(PROVIDED INFORMATION Opens)

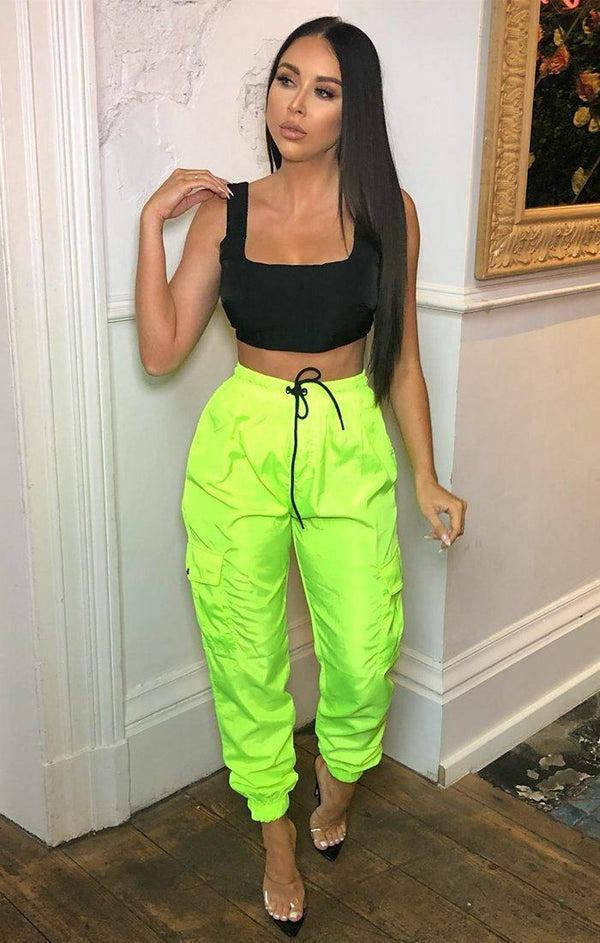 Femme Luxe Neon Lime Green Cuffed Cargo Trousers - Poppi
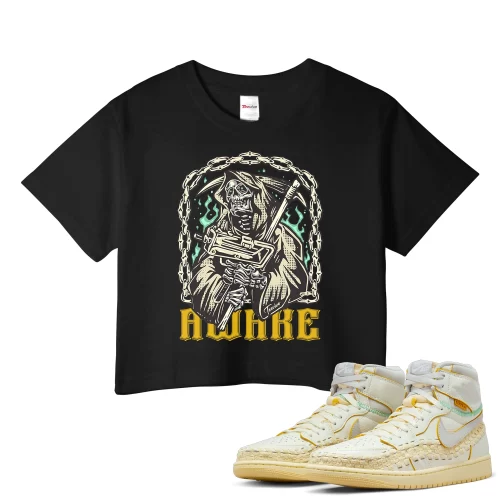 TeeVivo Crop Top Match Air Jordan 1 Retro High OG SP Union LA Bephies Beauty Supply Summer of 96 Awake – Air Jordan 1 Crop Top, AJ1 Crop Top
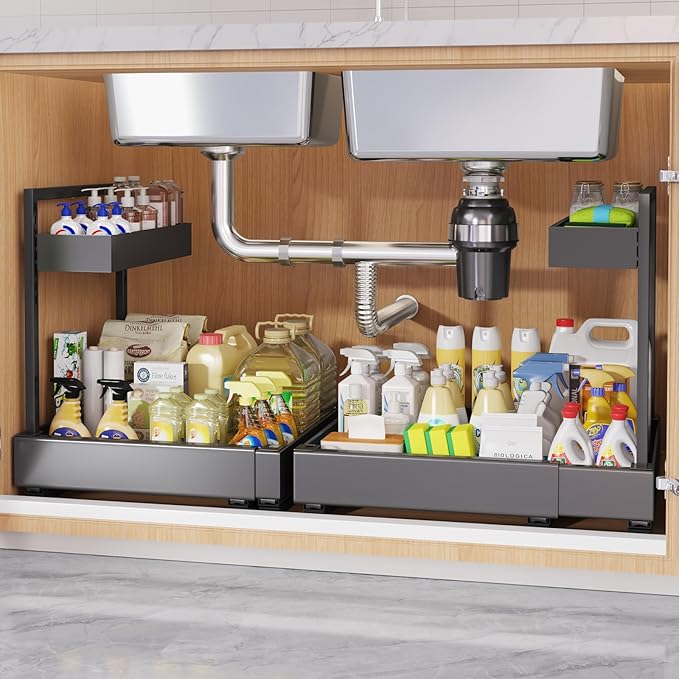 1-Pack L-Shape Expandable Under Sink Organizer with 3 Ball-Bearing Slide Rails, 2-Tier Pull-Out Under Cabinet Storage Shelf for Kitchen & Bathroom, Height-Adjustable Slide-Out Cabinet Drawer - Black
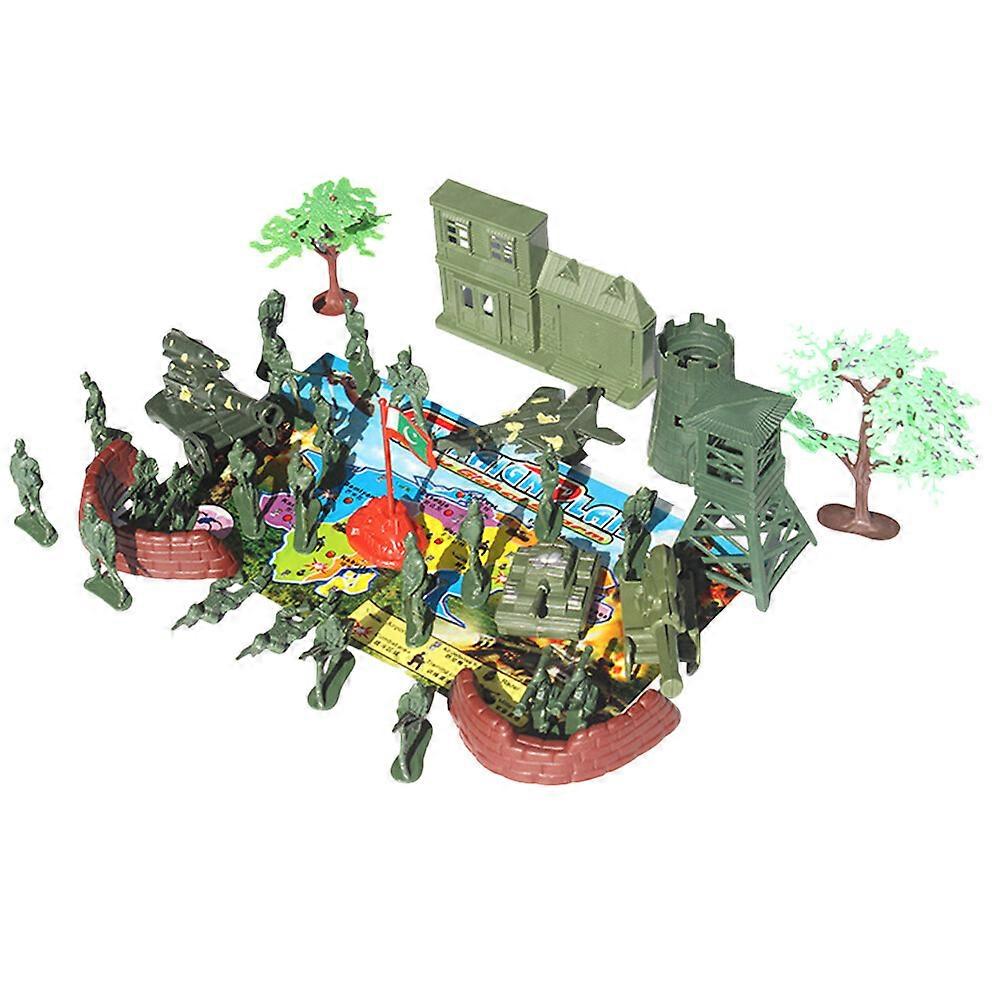 37pcs Kids Simulation Military Scene Sand Table Model Toy DIY Military Soldier Model Scene Toy (Mixed Pattern)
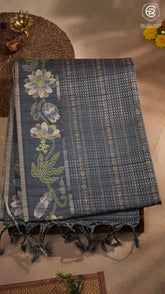 Grey Floral Border Kantha Matka Tussar Silk Saree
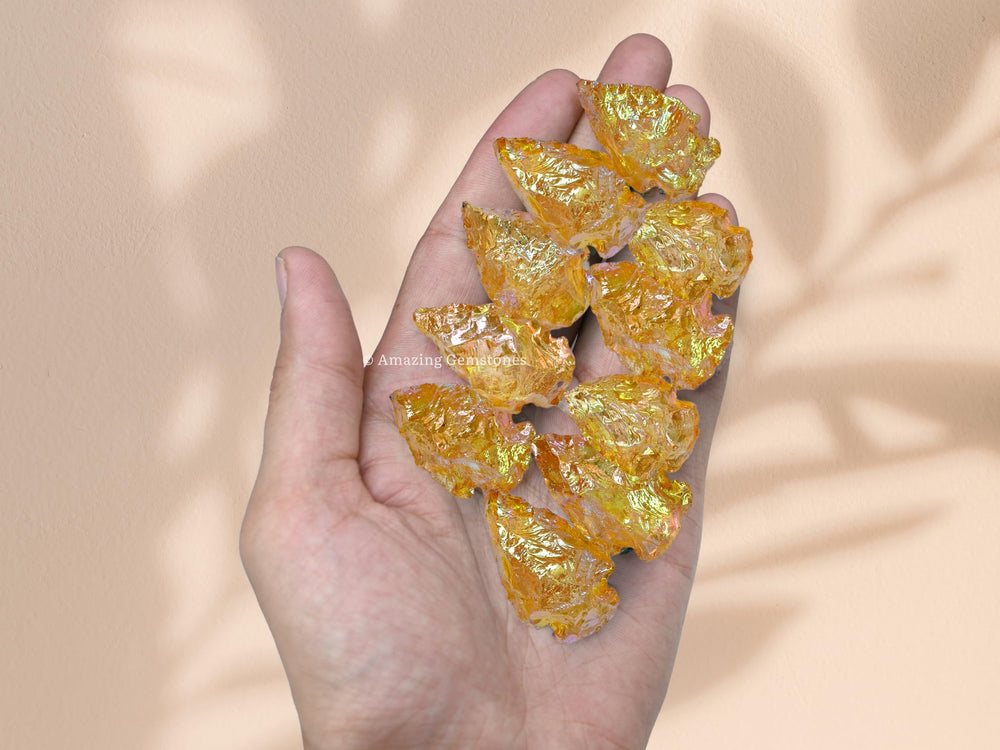 Amazing Gemstone yellow aura quartz arrowhead in velvet bag for gifting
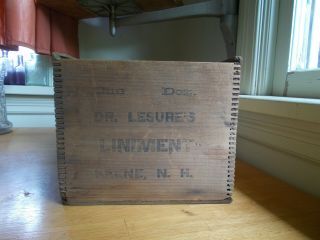 DR.  LESURES LINIMENT KEENE,  NH ANTIQUE 1890s DOVETAIL WOOD BOX 4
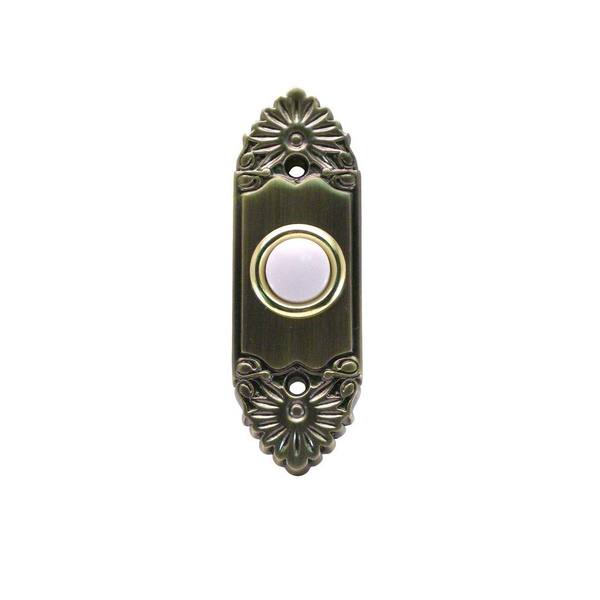 IQ America Wired Lighted Doorbell Push Button - Antique Brass Pocked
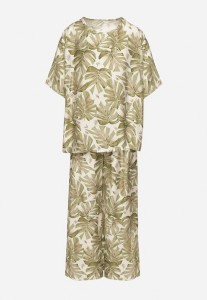 Ciemnozielony Wiskozowy Komplet z Motywem Roślinnym Szerokie Spodnie i T-shirt Evianira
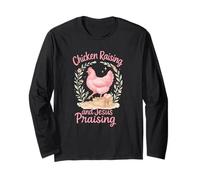 Chicken Raising and Jesus Praising Watercolor Farmhouse Long Sleeve T-Shirt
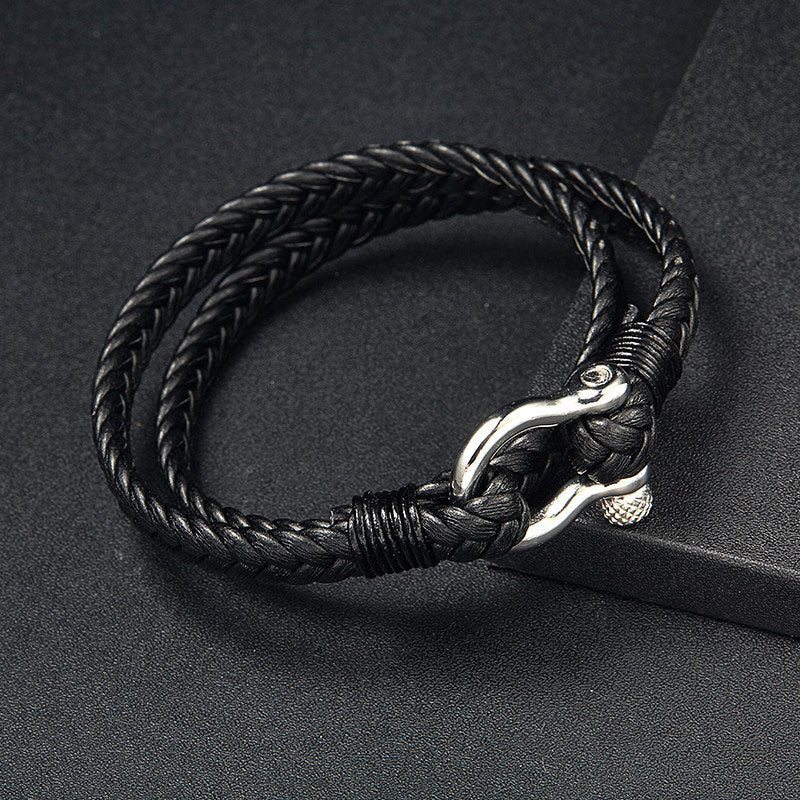 For Grandson - Grandmother And Grandson Forever Linked Together Leather Bracelet-37bracelet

(PROVIDED INFORMATION Closes)

WORK REQUEST => Copy out all of the material exactly as written, without its pictures.

ANSWER BELOW =>
 Femme Luxe Neon Lime Green Cuffed Cargo Trousers - Poppi
 TeeVivo Crop Top Match Air Jordan 1 Retro High OG SP Union LA Bephies Beauty Supply Summer of 96 Awake – Air Jordan 1 Crop Top, AJ1 Crop Top
 1-Pack L-Shape Expandable Under Sink Organizer with 3 Ball-Bearing Slide Rails, 2-Tier Pull-Out Under Cabinet Storage Shelf for Kitchen & Bathroom, Height-Adjustable Slide-Out Cabinet Drawer - Black
 37pcs Kids Simulation Military Scene Sand Table Model Toy DIY Military Soldier Model Scene Toy (Mixed Pattern)
 Grey Floral Border Kantha Matka Tussar Silk Saree
 Amazing Gemstone yellow aura quartz arrowhead in velvet bag for gifting
 DR.  LESURES LINIMENT KEENE,  NH ANTIQUE 1890s DOVETAIL WOOD BOX 4
 IQ America Wired Lighted Doorbell Push Button - Antique Brass Pocked
 Ciemnozielony Wiskozowy Komplet z Motywem Roślinnym Szerokie Spodnie i T-shirt Evianira
 Chicken Raising and Jesus Praising Watercolor Farmhouse Long Sleeve T-Shirt
 For Grandson - Grandmother And Grandson Forever Linked Together Leather Bracelet-37bracelet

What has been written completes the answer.